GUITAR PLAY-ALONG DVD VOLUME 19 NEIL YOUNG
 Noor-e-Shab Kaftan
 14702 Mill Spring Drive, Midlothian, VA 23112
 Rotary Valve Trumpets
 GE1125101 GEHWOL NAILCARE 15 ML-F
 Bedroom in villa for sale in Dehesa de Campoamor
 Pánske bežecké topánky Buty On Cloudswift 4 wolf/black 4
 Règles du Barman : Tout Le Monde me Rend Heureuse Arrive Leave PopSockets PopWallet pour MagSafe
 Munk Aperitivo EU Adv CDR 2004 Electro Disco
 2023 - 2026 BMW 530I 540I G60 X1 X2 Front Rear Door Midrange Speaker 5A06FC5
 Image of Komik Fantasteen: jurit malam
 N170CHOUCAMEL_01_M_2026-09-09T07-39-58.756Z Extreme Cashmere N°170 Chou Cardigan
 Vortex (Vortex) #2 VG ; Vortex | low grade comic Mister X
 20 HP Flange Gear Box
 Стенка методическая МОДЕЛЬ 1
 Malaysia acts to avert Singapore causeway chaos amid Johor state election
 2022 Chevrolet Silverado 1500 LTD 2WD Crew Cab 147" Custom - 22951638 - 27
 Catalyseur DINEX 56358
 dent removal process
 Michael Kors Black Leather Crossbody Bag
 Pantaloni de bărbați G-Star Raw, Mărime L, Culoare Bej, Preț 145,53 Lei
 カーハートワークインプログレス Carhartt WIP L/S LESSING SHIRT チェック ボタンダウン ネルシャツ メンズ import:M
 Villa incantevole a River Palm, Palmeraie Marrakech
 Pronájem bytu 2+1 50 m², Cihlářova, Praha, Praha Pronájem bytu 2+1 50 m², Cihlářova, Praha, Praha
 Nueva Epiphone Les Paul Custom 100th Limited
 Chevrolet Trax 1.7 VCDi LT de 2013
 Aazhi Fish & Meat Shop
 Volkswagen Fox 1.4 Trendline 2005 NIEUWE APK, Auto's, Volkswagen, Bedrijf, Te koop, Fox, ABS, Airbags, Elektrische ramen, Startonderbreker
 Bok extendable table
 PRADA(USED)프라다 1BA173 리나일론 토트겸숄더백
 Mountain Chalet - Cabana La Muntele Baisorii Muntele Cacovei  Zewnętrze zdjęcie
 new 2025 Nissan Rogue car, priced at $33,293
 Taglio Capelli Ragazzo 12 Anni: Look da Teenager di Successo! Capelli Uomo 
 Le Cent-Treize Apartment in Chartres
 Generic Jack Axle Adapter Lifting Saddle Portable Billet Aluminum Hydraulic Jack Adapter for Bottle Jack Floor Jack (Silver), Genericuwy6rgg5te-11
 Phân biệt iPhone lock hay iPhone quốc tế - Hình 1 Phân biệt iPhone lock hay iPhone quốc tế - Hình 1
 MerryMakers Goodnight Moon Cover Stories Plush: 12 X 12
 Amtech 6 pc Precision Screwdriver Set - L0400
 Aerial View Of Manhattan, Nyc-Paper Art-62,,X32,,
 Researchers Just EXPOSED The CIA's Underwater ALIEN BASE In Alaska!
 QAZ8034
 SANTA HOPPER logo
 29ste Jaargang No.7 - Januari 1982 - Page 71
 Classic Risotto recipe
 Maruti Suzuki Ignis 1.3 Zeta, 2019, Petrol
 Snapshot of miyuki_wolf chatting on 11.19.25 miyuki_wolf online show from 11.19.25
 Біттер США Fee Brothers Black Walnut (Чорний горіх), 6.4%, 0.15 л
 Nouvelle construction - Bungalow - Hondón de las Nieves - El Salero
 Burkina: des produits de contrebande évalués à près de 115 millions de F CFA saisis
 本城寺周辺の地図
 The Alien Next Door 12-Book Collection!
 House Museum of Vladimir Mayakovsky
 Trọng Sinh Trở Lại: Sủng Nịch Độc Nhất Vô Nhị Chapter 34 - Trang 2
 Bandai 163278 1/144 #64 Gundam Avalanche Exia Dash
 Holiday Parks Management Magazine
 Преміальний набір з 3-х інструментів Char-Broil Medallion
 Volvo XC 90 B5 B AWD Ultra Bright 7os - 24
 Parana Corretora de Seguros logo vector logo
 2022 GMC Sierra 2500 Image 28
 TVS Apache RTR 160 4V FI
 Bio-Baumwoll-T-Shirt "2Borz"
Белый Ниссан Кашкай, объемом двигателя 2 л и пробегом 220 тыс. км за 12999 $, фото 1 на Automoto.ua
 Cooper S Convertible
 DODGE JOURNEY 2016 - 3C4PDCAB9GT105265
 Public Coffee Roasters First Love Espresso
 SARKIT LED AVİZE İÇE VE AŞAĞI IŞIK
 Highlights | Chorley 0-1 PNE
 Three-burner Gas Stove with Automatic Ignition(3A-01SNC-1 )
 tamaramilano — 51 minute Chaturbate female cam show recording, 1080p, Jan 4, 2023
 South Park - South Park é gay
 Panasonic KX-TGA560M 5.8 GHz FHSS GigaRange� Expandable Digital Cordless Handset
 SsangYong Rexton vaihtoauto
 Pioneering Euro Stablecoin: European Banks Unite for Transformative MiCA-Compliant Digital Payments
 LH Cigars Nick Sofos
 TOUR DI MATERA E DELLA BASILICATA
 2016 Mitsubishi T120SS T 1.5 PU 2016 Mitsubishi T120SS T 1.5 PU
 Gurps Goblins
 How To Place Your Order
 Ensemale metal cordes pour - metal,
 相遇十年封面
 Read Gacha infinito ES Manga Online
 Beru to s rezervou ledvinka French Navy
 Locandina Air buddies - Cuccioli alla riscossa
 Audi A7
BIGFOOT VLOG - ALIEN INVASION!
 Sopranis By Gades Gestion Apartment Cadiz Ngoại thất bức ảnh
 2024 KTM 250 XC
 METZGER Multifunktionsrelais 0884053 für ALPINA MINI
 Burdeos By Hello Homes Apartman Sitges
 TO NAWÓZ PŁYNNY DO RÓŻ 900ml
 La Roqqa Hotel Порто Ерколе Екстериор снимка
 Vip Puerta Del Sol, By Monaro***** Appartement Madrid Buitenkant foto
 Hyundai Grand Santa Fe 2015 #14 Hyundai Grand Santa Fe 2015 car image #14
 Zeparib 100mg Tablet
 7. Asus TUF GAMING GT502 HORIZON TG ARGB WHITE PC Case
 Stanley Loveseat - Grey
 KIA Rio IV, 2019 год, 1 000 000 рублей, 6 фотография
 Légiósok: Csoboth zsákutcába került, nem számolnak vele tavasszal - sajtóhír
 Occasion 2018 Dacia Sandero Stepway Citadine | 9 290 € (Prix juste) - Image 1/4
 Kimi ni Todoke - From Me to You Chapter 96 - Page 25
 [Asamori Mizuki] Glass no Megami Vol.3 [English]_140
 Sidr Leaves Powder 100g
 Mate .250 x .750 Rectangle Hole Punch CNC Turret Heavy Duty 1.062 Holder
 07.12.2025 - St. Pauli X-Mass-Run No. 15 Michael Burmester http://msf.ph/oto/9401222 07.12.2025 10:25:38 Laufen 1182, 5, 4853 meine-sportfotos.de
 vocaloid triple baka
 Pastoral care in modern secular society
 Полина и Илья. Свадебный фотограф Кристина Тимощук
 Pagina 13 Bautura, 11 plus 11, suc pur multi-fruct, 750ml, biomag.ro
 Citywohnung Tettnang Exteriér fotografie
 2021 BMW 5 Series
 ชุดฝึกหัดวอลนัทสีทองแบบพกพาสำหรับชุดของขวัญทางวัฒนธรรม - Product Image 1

> _Goal of the exercise_
Nothing but a number should be given: the count of lines above that include the string "Door".

> _Answer for this exercise_
2